Task prompt: Transcribe all the data below exactly, leaving its pictures out.

Supplied information:
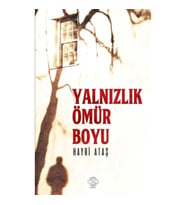 Yalnızlık Ömür Boyu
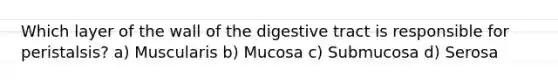 Which layer of the wall of the digestive tract is responsible for peristalsis? a) Muscularis b) Mucosa c) Submucosa d) Serosa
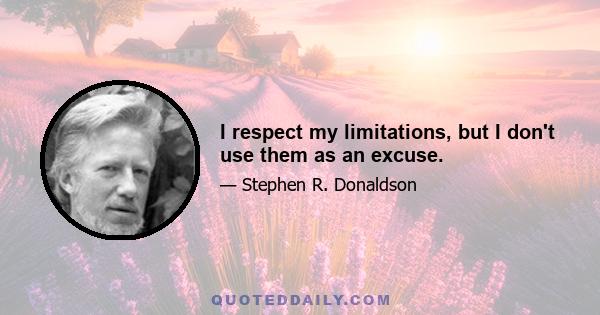 I respect my limitations, but I don't use them as an excuse.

Final answer:
 Yalnızlık Ömür Boyu
 Which layer of the wall of the digestive tract is responsible for peristalsis? a) Muscularis b) Mucosa c) Submucosa d) Serosa
 I respect my limitations, but I don't use them as an excuse.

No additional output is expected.